(Dataset begins)

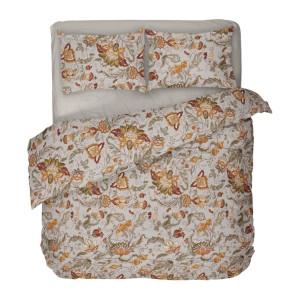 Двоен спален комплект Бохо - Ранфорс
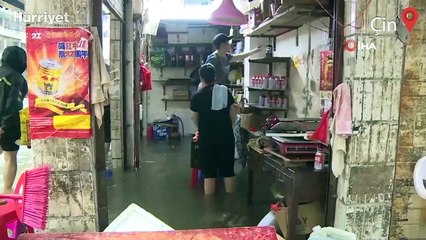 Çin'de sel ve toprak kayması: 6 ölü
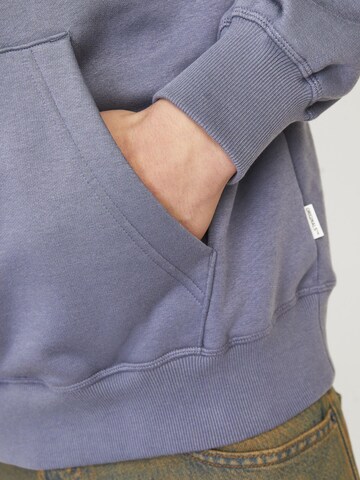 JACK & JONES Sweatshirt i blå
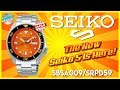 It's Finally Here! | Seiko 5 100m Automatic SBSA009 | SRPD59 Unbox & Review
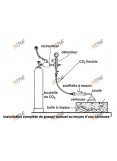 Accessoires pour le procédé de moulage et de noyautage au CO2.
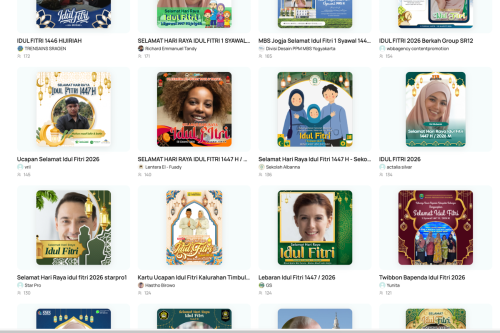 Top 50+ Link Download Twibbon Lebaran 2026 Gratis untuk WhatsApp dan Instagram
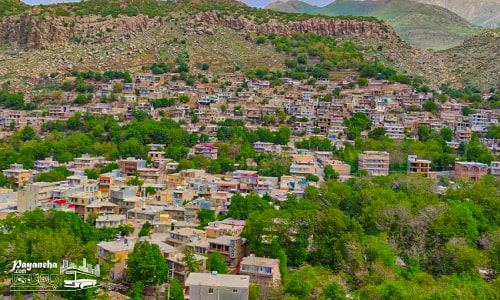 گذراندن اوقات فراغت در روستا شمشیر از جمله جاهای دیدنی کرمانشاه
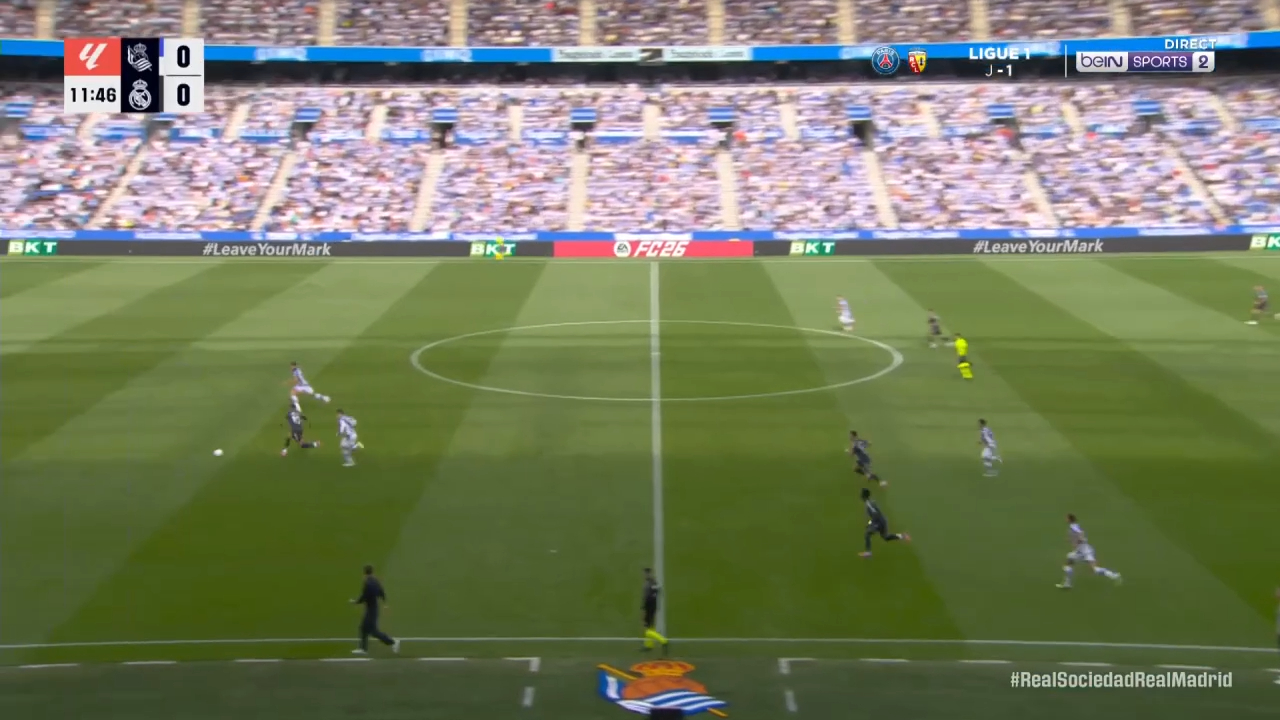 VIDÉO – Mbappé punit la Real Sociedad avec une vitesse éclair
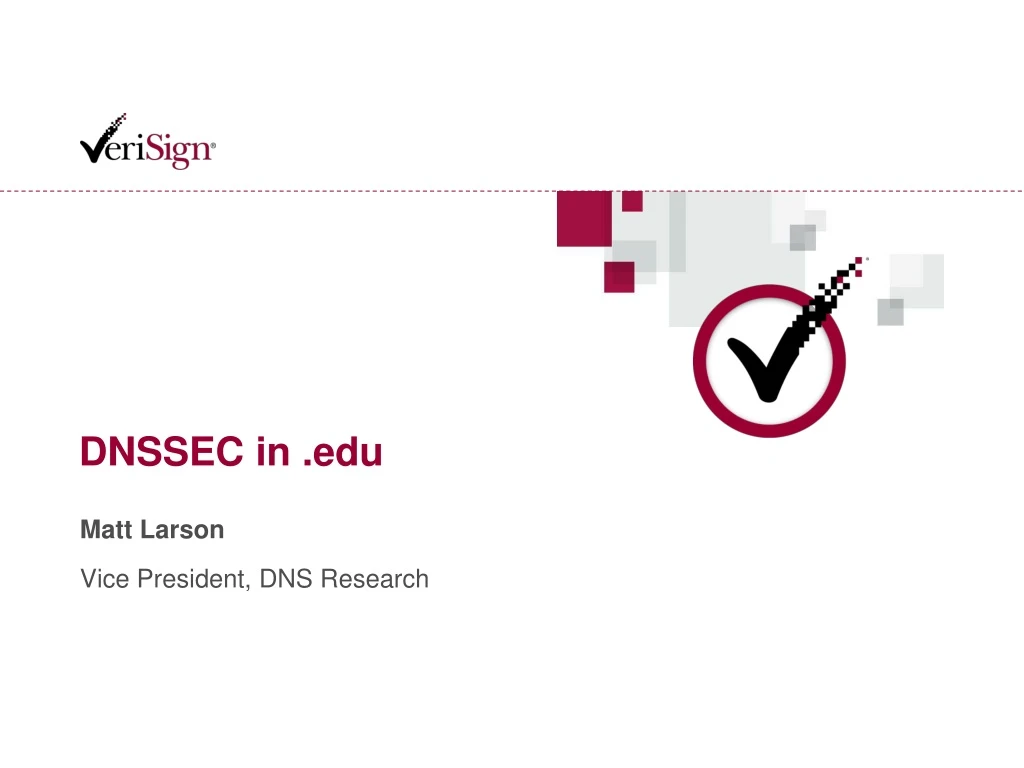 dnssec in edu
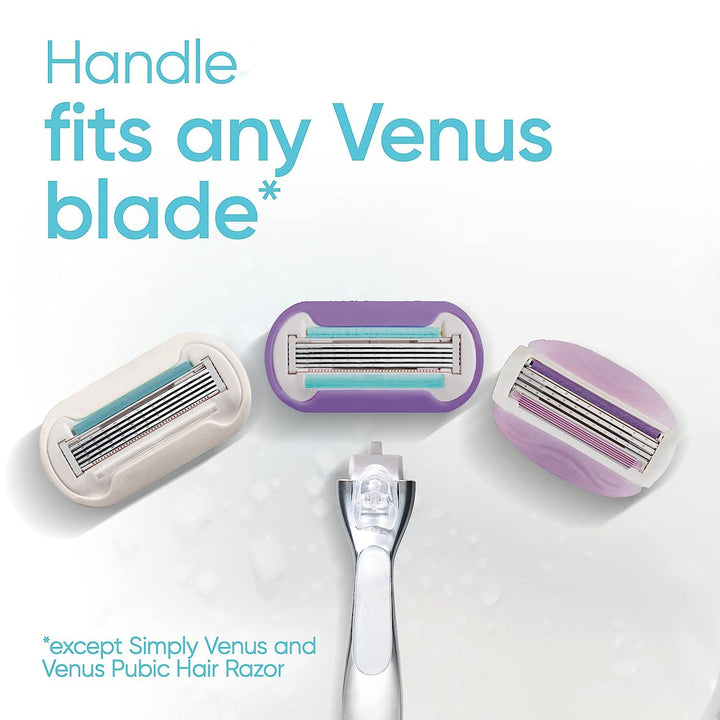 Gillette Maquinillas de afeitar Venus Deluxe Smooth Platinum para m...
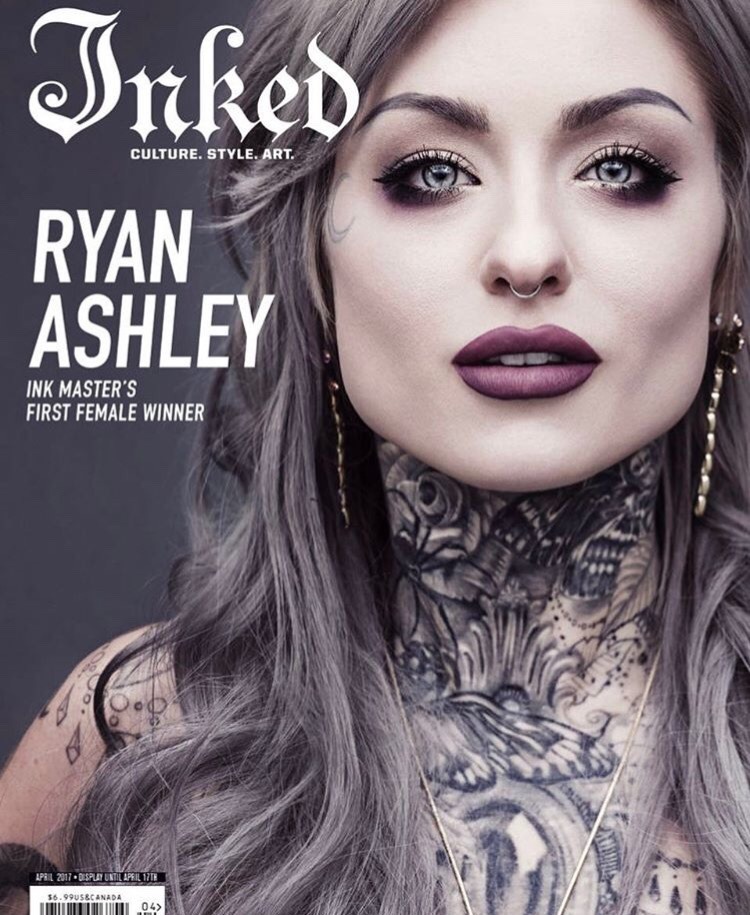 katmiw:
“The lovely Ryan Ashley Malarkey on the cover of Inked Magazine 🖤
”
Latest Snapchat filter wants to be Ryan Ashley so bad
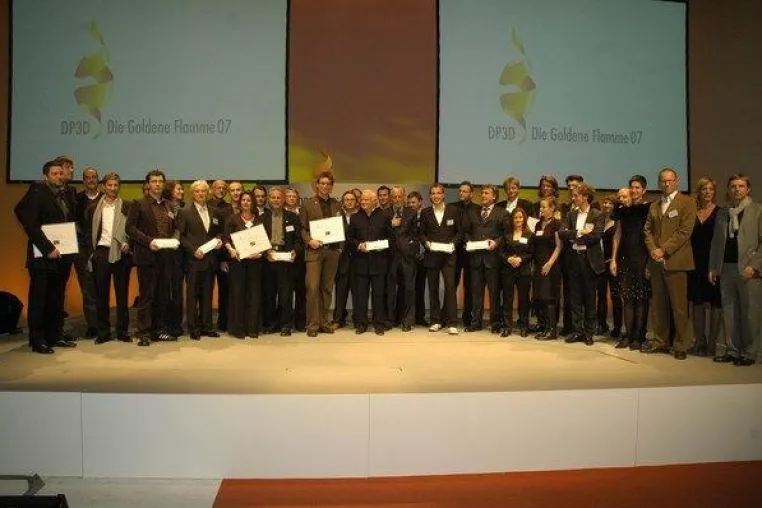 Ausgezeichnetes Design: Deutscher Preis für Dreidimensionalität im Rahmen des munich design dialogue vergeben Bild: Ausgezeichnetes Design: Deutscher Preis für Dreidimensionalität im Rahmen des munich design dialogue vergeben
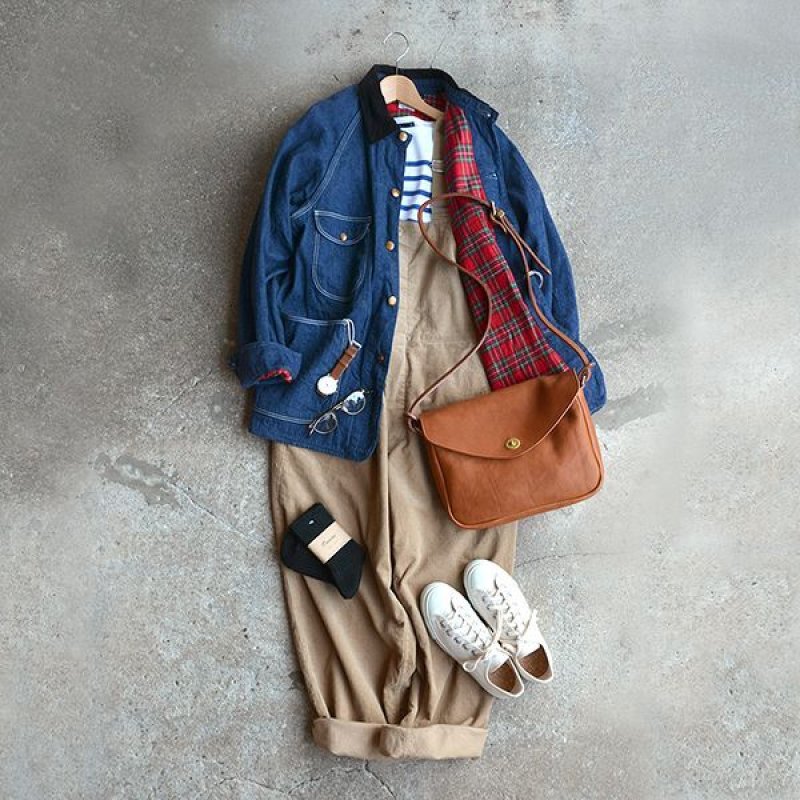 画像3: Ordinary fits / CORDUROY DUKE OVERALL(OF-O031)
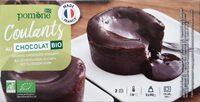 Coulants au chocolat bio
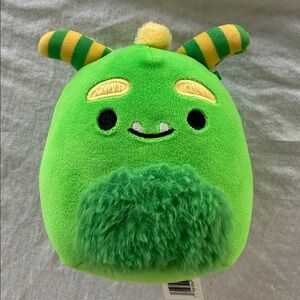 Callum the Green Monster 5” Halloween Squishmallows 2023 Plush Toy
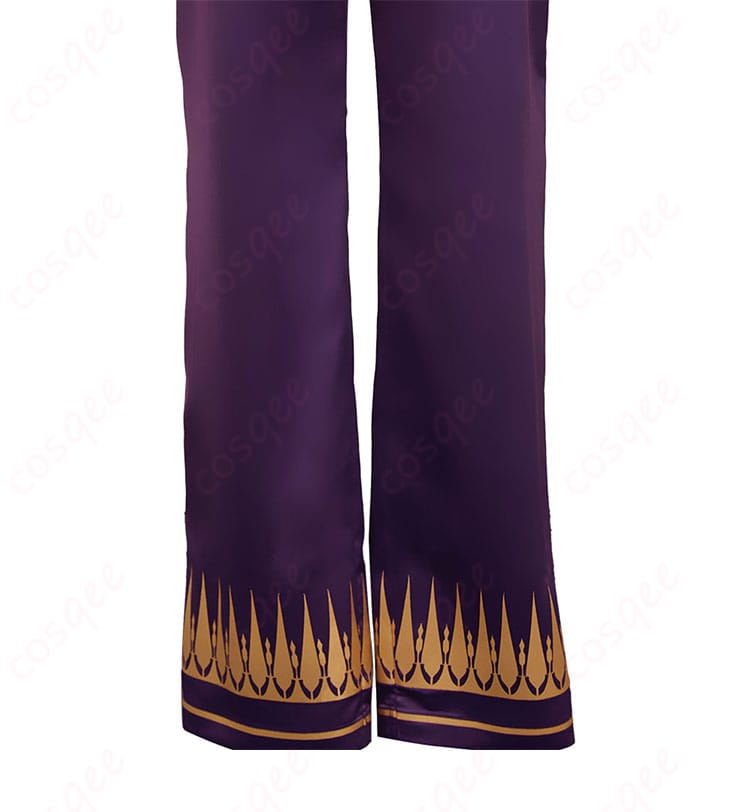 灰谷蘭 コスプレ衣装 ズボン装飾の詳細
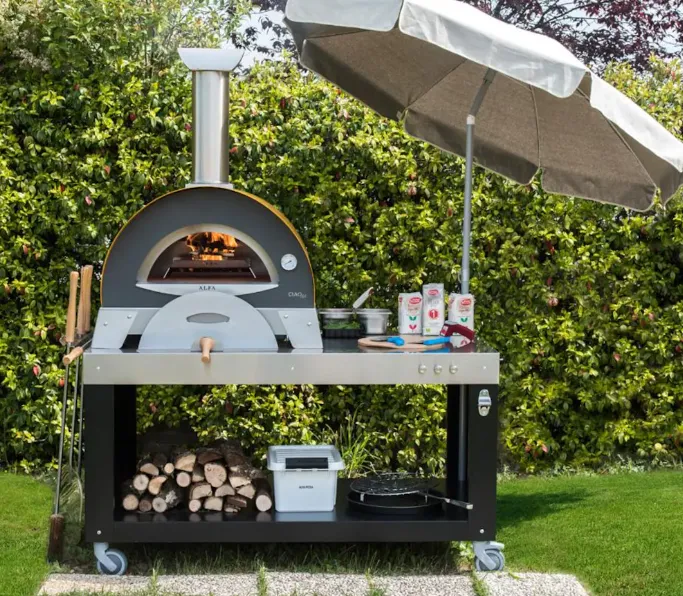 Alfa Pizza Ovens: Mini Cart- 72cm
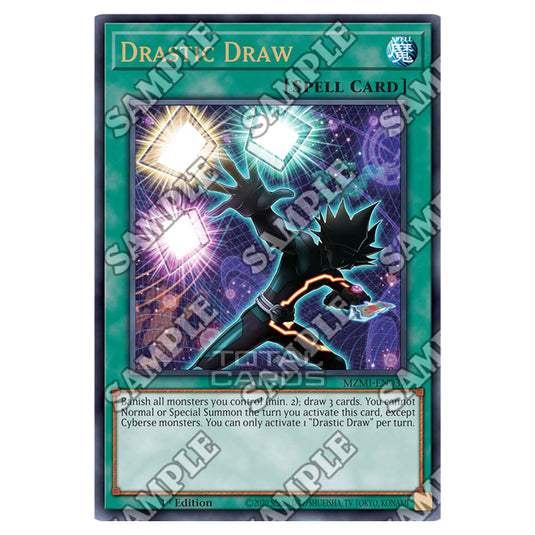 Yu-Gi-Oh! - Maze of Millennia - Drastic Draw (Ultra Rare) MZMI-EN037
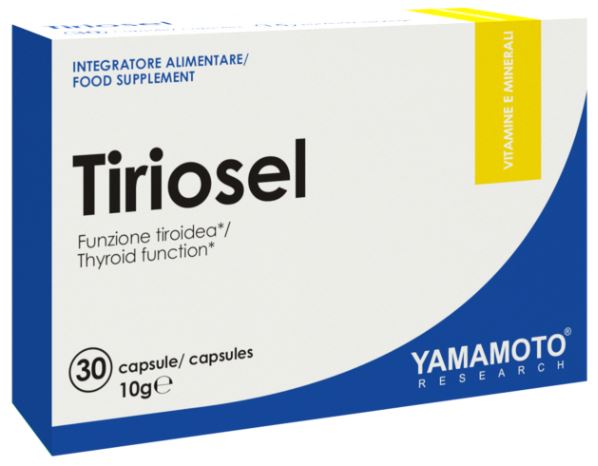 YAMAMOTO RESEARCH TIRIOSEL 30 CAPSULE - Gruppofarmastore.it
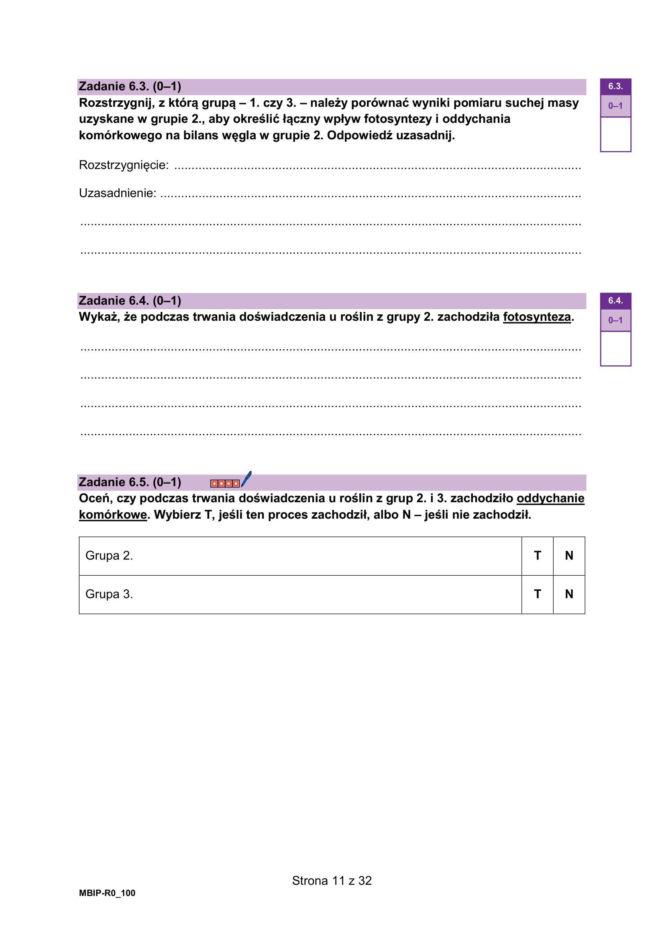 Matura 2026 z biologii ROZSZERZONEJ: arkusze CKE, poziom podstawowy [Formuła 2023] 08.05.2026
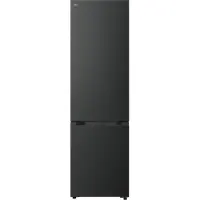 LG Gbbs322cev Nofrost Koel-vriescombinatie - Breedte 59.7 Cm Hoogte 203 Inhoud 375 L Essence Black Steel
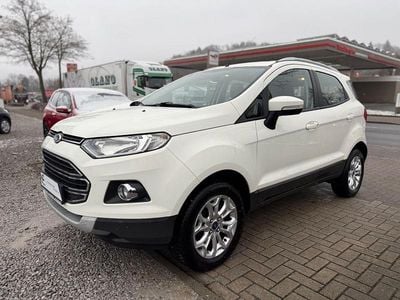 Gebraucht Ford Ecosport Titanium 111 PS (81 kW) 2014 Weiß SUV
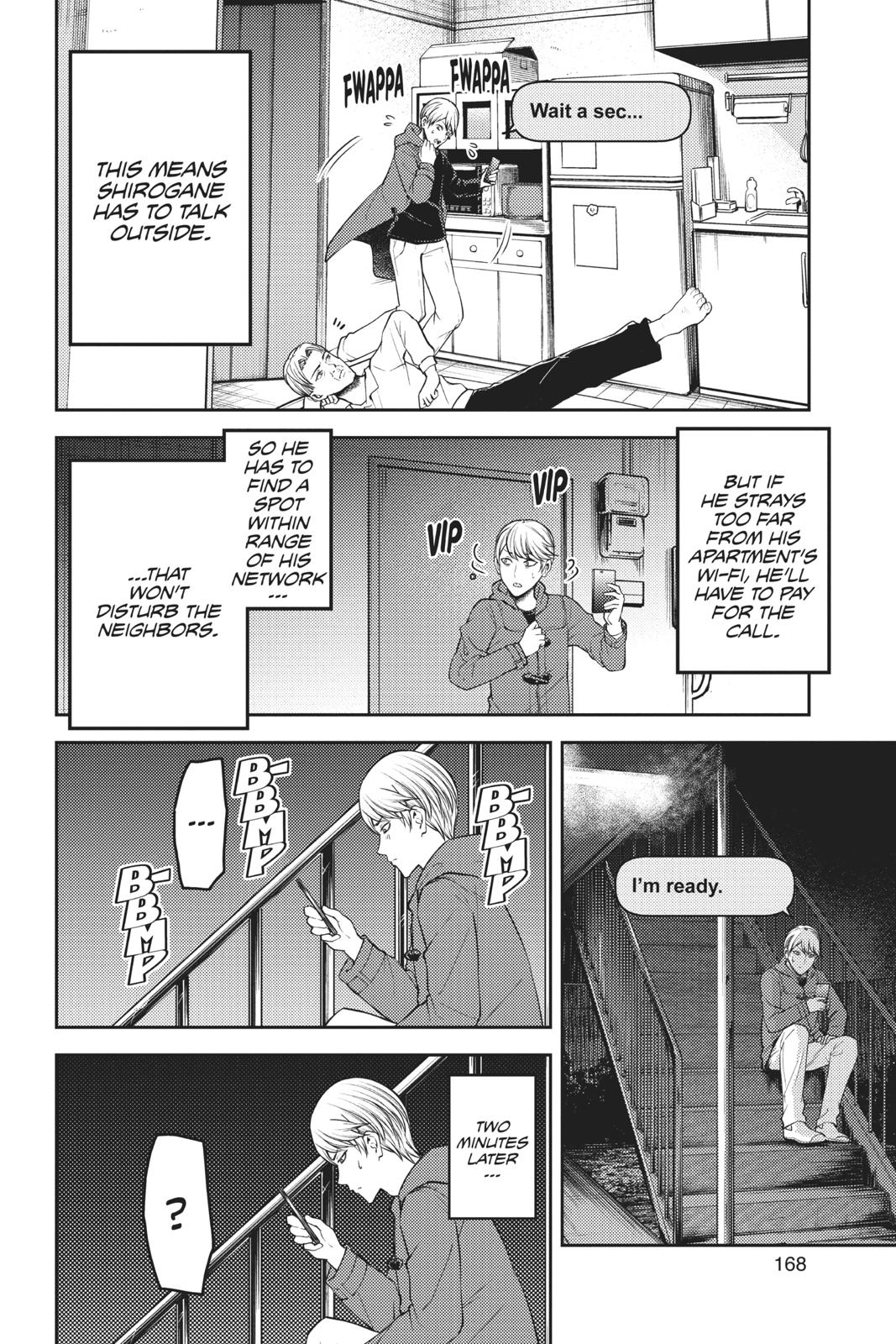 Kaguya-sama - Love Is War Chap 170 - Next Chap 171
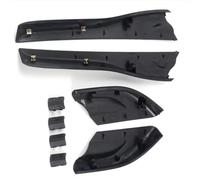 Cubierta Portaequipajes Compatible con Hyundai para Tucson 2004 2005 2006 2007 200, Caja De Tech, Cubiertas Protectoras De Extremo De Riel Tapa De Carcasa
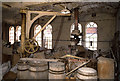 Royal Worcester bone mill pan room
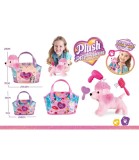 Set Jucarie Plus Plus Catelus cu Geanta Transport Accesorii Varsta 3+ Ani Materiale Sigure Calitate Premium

(Dataset ends)

= Task =
Each line above that has the word "Ryan" must be copied.

= Output =
“The lovely Ryan Ashley Malarkey on the cover of Inked Magazine 🖤
Latest Snapchat filter wants to be Ryan Ashley so bad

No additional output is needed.